Question
Calculate the pH of the solution that results from mixing the following reagents. Refer to table 1.
mix 0.189 L of 0.019 M (CH3)2NH(aq) with 0.327 L of 0.011 M (CH3)2NH2Cl(aq)
I tried using the Henderson-Hasselbach equation by finding the pKa but it didn't work....I am still unsure of how to go about setting up the Kb (or Ka) expression in problems like this.
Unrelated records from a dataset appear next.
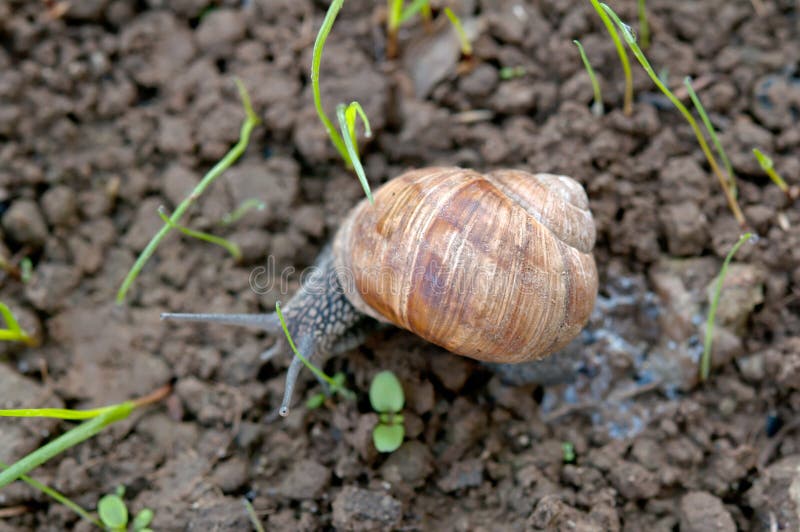 Snail creeps stock image. Image of home, slow, forest 58366731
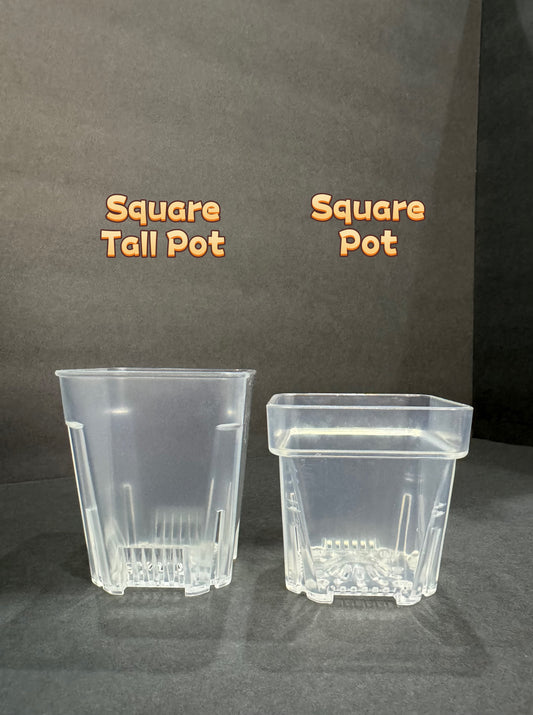 2.55 inch Square Clear Pot | Clear Square Small Pot | Clear Pot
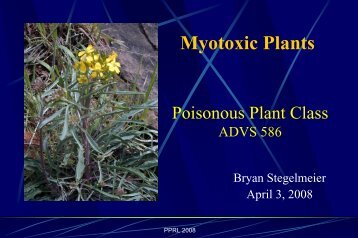 Poisonous Plant Class Myotoxic Plants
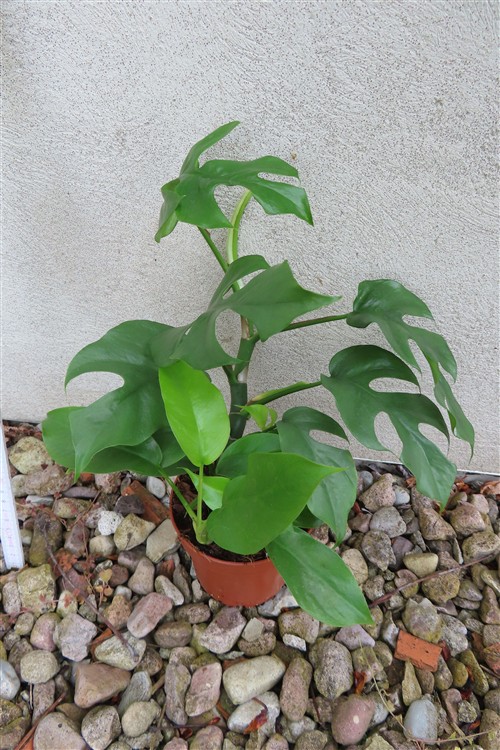 Rhaphidophora tetrasperma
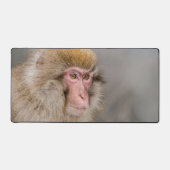 Faune japonaise : Singe des neiges Brown (Recto)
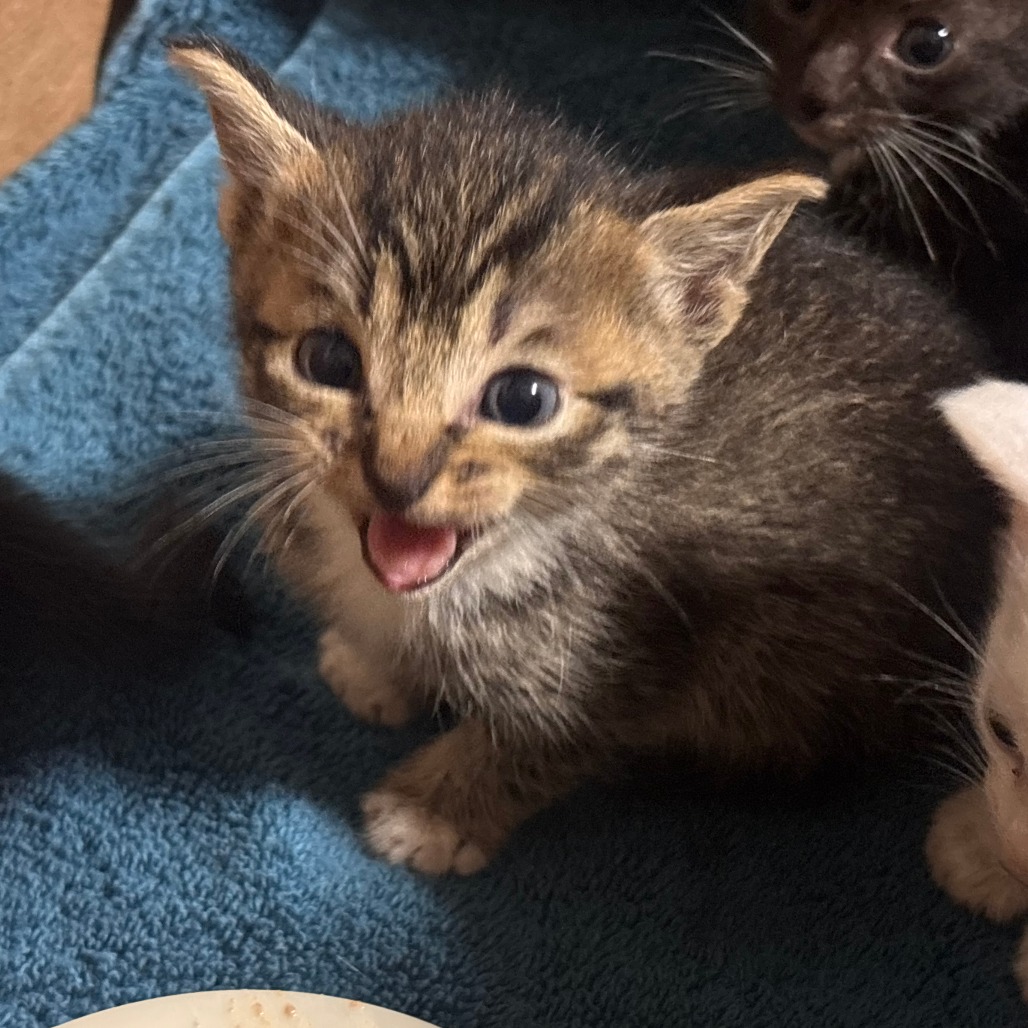 Shelter Stray Female Cat last seen , 1211 Old Graves Mill Rd, Lynchburg, VA 24502, USA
Kb is 5.4E-4 and pKb is 3.27
Thanks
mix 0.189 L of 0.019 M (CH3)2NH(aq) with 0.327 L of 0.011 M (CH3)2NH2Cl(aq)
I tried using the Henderson-Hasselbach equation by finding the pKa but it didn't work....I am still unsure of how to go about setting up the Kb (or Ka) expression in problems like this. Kb is 5.4E-4 and pKb is 3.27
Thanks
Answers
HH works very well with this. Dimethyl amine is the base and dimethyl amine hydrochloride is the acid. Calculate the moles of each from M x L and plug in. Use Ka ONLY if you use the HH equation. This is EXACTLY like the HBrO and NaBrO I worked earlier (if you want to use the Kb expression BUT these are bases and salts and not acids and salts). I repeat, however, if you use the H-H equation, use Ka. That is Kw/Kb.
I'm confused how I would use the Ka equation in the HH equation??? I thought HH was just pH=pka + log([base]/[acid]) ...
It is.
moles base = L x M = 0.189 x 0.019 = ??
moles acid = L x M = 0.327 x 0.011 = ??
Ka = Kw/Kb and you know Kb and Kw. You can convert to pKa.
I see you know pKb so 14-pKb = pKa which is the easy way if you know pKb is correct.
moles base = L x M = 0.189 x 0.019 = ??
moles acid = L x M = 0.327 x 0.011 = ??
Ka = Kw/Kb and you know Kb and Kw. You can convert to pKa.
I see you know pKb so 14-pKb = pKa which is the easy way if you know pKb is correct.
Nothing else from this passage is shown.